What you have to do – Return the line containing "Mine actually looks" together with every later line up to the end of the records, exactly and with no pictures; return nothing else.

Stored items –
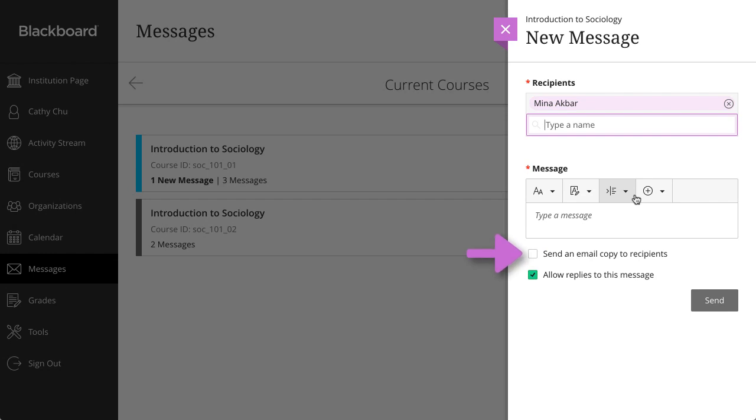Additionally, you have the ability to send an email copy to recipients who have associated an email address with their account.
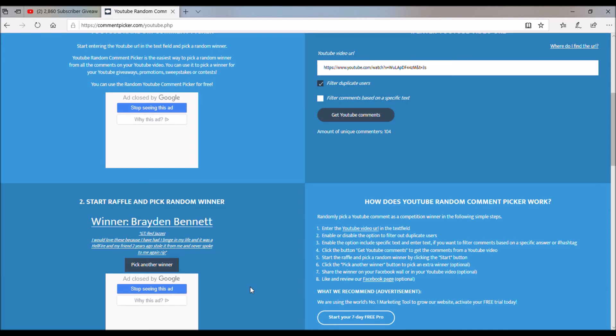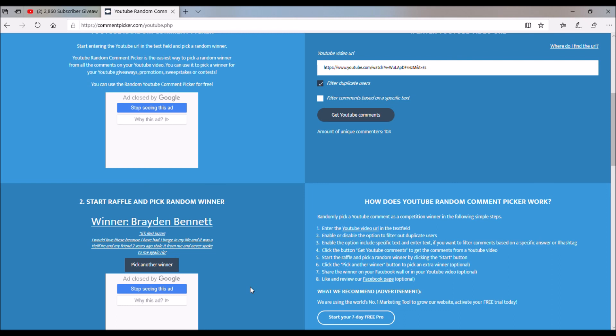But I will be doing some more livestreams, so stay tuned for that. Just gotta look in the community post tab of the channel. But yeah, that'll do it. Winners, you guys have 48 hours to claim your prize. But without further ado, I've been ProfitAce and I'm out. Peace.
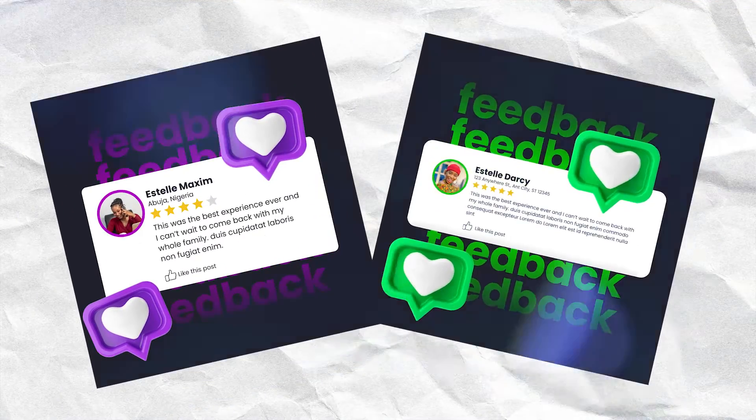I'm actually going to teach you how to create a client feedback design inside of Canva. As a business person, as a designer, sometimes it's good to showcase what your clients have said about you.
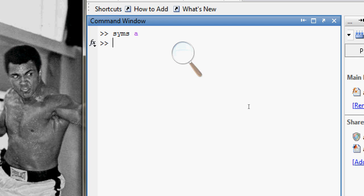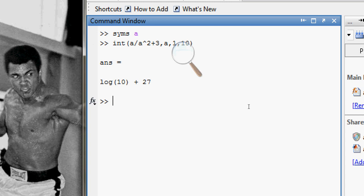I will define my function as 'a' and do the integration with respect to 'a'. I want to integrate the function a divided by (a² + 3) with respect to a, from 1 to 10.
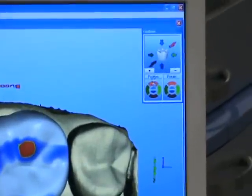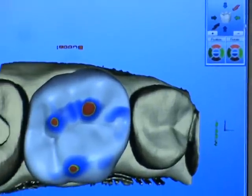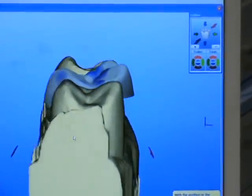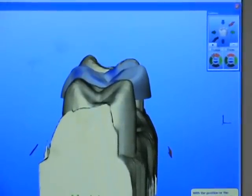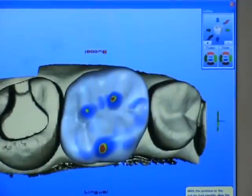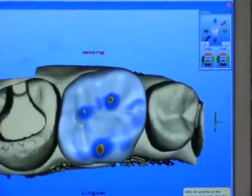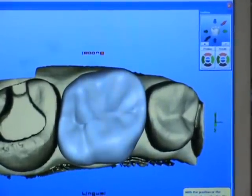Position it slightly to the buccal to line it up better in the arch. I can take different views to make sure that it lines up well. Once satisfied with the overall position of the crown, I click my green arrow button and proceed to the next step.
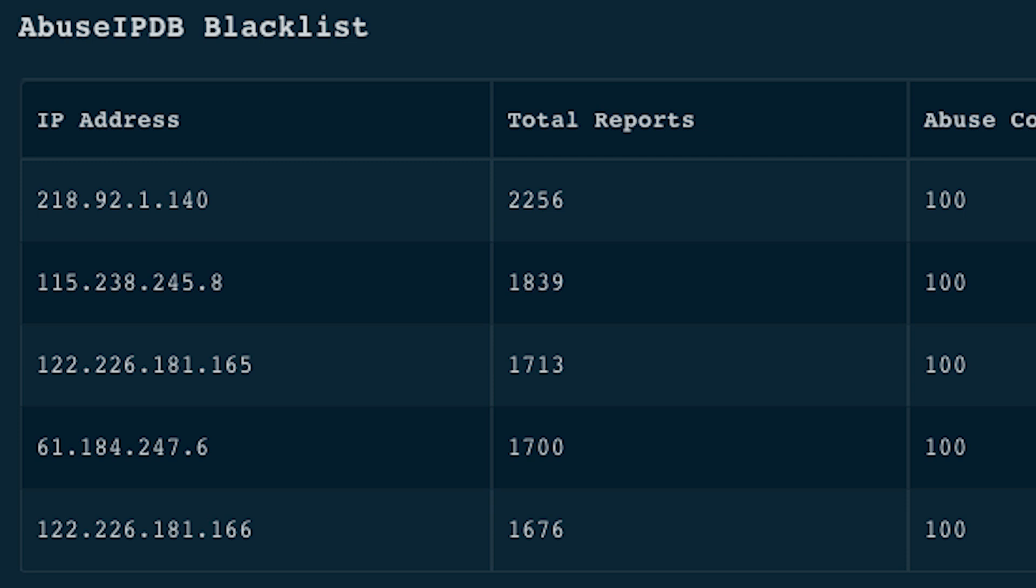You can check your IP reputation using tools like Google Postmaster or AbuseIPDB and Talos. AbuseIPDB, for example, provides information like the abuse score, IP usage type, hostname associated with IP, country, and other details that may be of use.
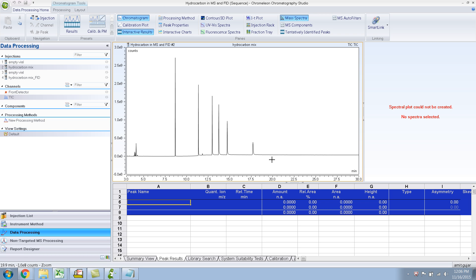Today I wanted to explain to you the concept of channels in Chromelion. You must have noticed something called channels. Initially this was a bit confusing to me when I just started Chromelion and there were a bunch of channels. A very simple analogy is the analogy of channels on your television.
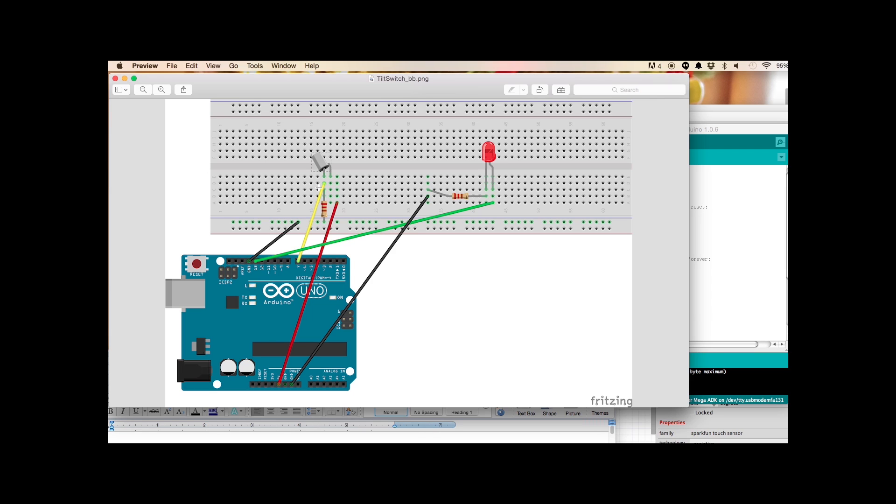Mine actually looks a little bit different than this, but I'll show you what it looks like exactly in a second. Tilt sensors are pretty cool though. They actually have a little metallic ball inside, and when you tilt them at certain angles they complete circuits. In this regard they are very similar to a button. The only difference is you need to tilt them to complete the circuit instead of pressing in a button.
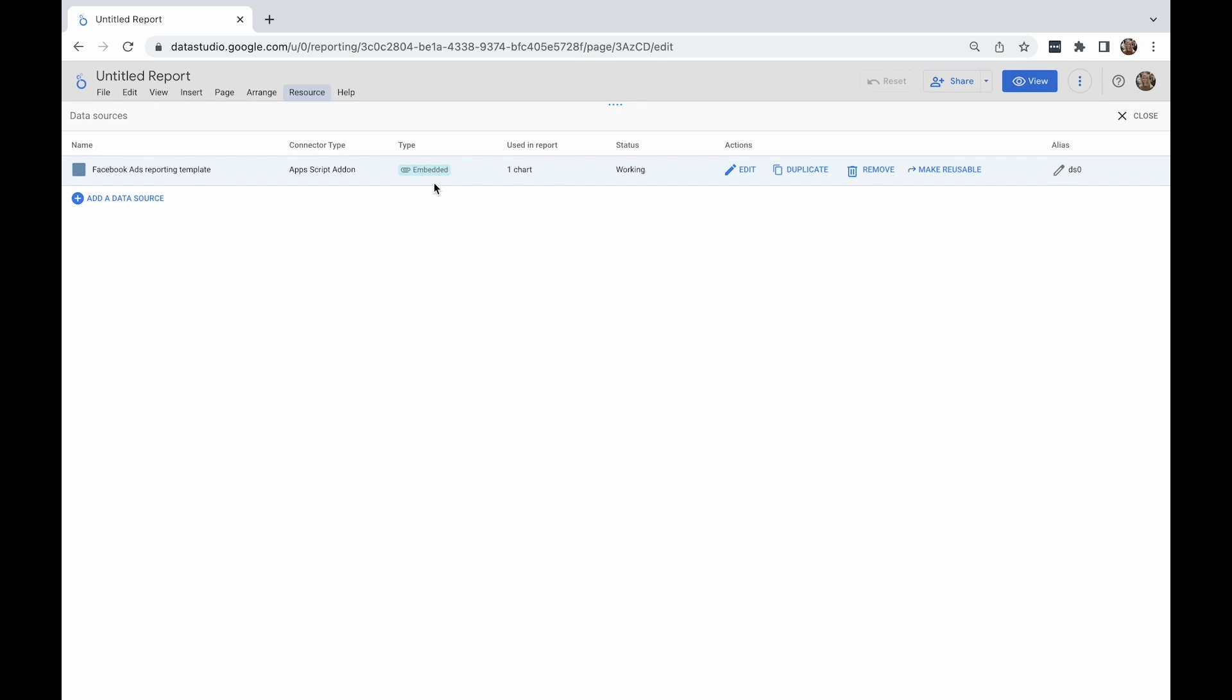In contrast, reusable data sources can be used in other reports as well. Bear in mind that only people you share your reusable data sources with can edit them, and only the owner of this type of data source's credentials can modify the connection.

Answer to this task –
Mine actually looks a little bit different than this, but I'll show you what it looks like exactly in a second. Tilt sensors are pretty cool though. They actually have a little metallic ball inside, and when you tilt them at certain angles they complete circuits. In this regard they are very similar to a button. The only difference is you need to tilt them to complete the circuit instead of pressing in a button.
In contrast, reusable data sources can be used in other reports as well. Bear in mind that only people you share your reusable data sources with can edit them, and only the owner of this type of data source's credentials can modify the connection.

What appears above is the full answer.